- [Records provided]
☆ ☆ ☆ ☆ ☆ ☆ ☆

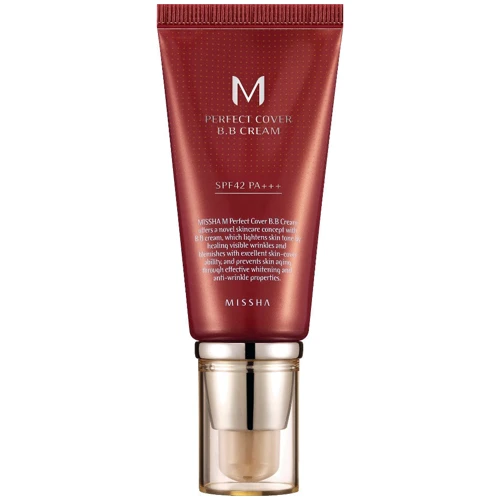 Missha Perfect Cover BB Cream SPF42 / PA+++ BB-крем No.21 Light Beige Светло-бежевый 50 ml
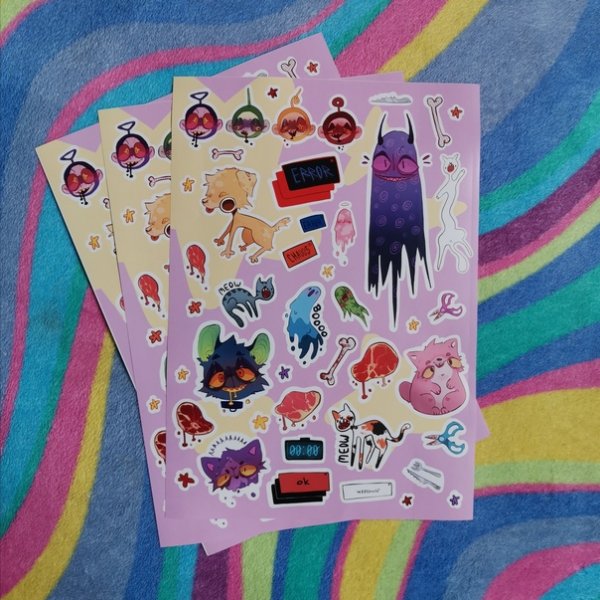 Мерч Алёны Швец наклейки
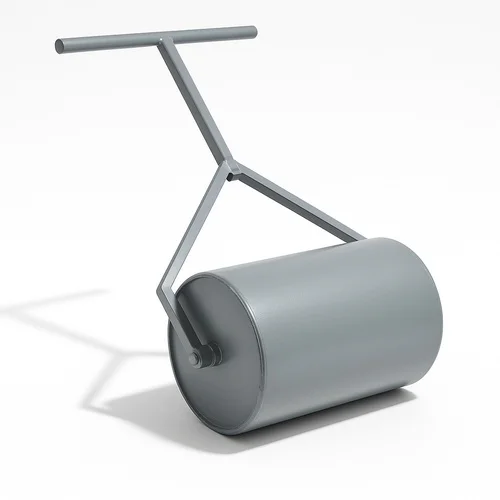Manual Grey Cricket Pitch Roller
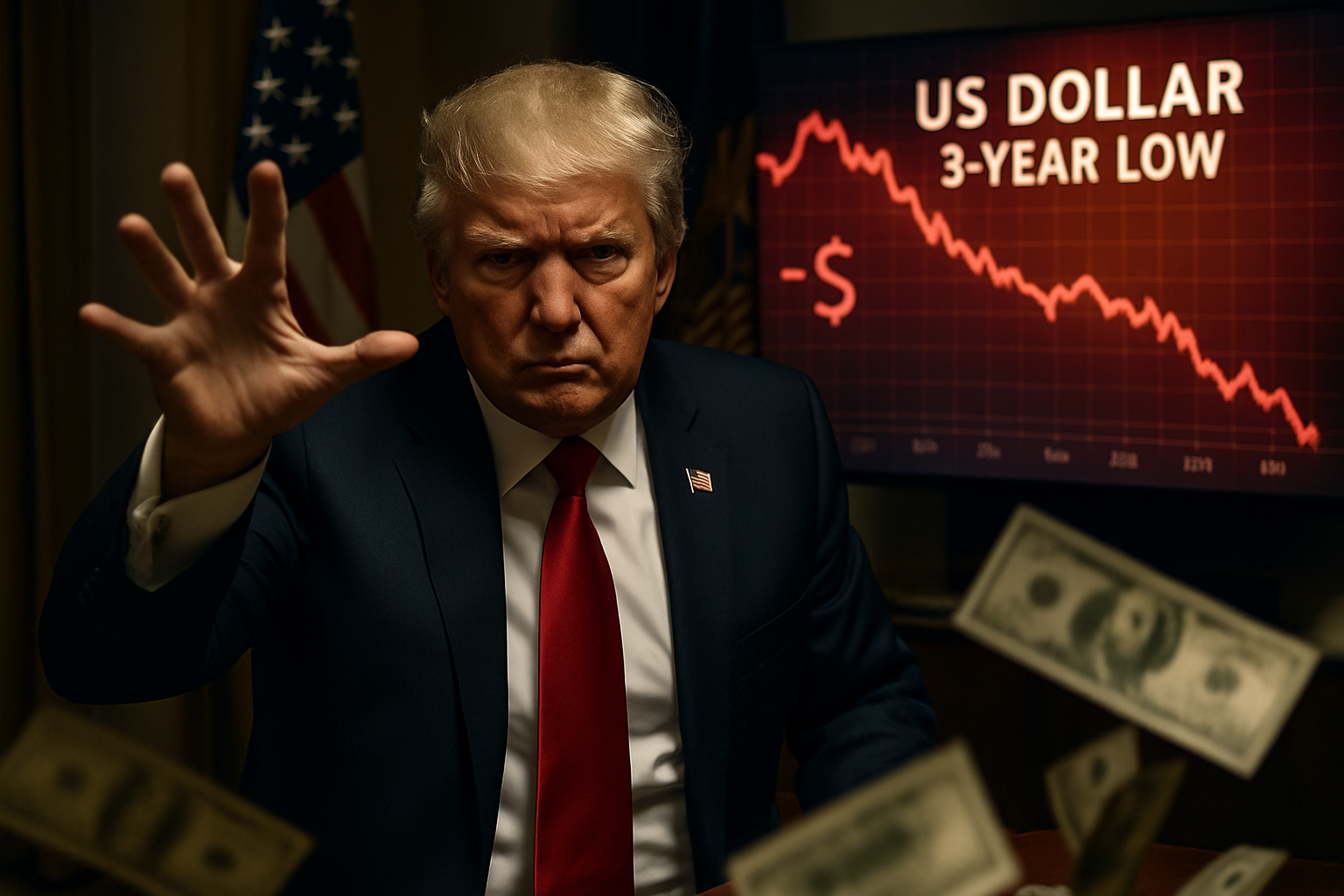 découvrez comment les récentes menaces de trump impactent le marché des devises, provoquant une chute du dollar à son plus bas niveau en trois ans. analyse des conséquences économiques et des réactions des investisseurs face à cette situation incertaine.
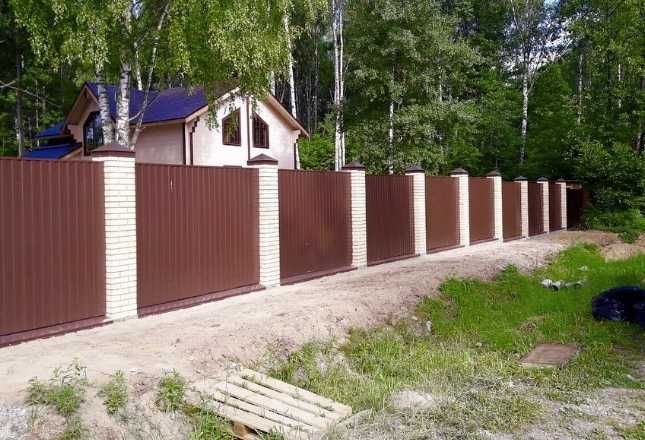 Профзабор конструкционный. Поделка под заказ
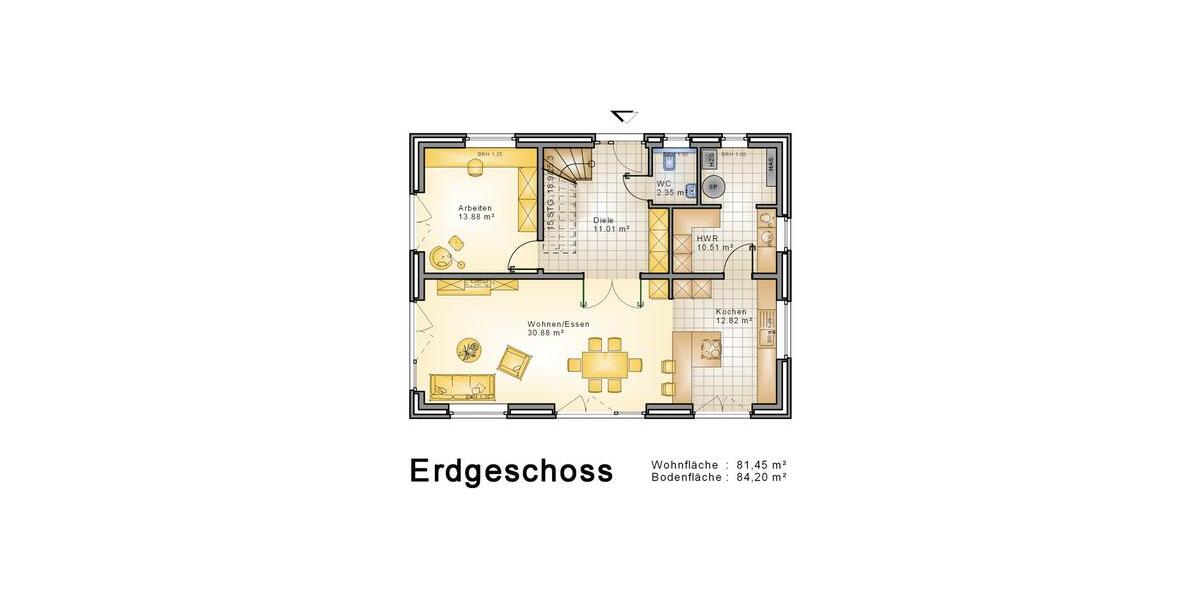 Einfamilienhaus Jever - 5 Zimmer, 163 m&sup2;, 321.600&euro; | Angebot:9118621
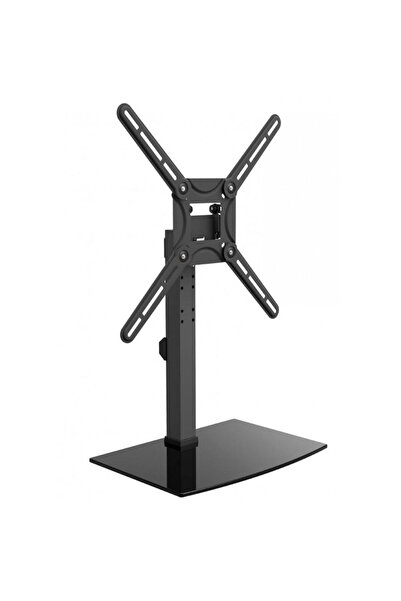 Barkan Подова / мебелна ТВ стойка S320.B, фиксирана, 29"-58", черна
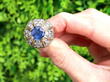 Outside Sapphire and Diamond Ring Image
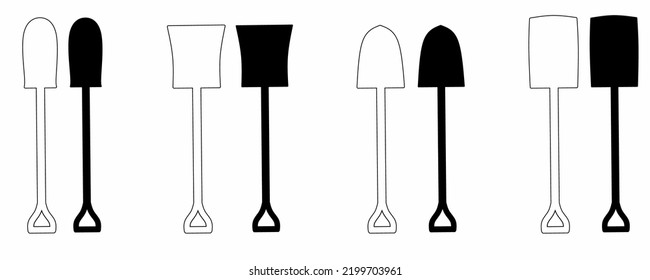 Schaufenstersymbol einzeln auf weißem Hintergrund.Schaufenstersymbol mit unterschiedlichem Stil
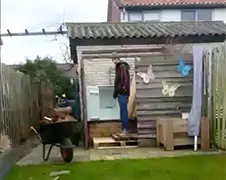 Blaas eens een koelkast op met een vlinder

☆ ☆ ☆ ☆ ☆ ☆ ☆

- [What is expected] Only the lines from the one containing "Outside Sapphire and Diamond Ring Image" through the final line of the records should be retyped, exactly, with every picture omitted.

- [Solution for this exercise]
 Outside Sapphire and Diamond Ring Image
 Schaufenstersymbol einzeln auf weißem Hintergrund.Schaufenstersymbol mit unterschiedlichem Stil
 Blaas eens een koelkast op met een vlinder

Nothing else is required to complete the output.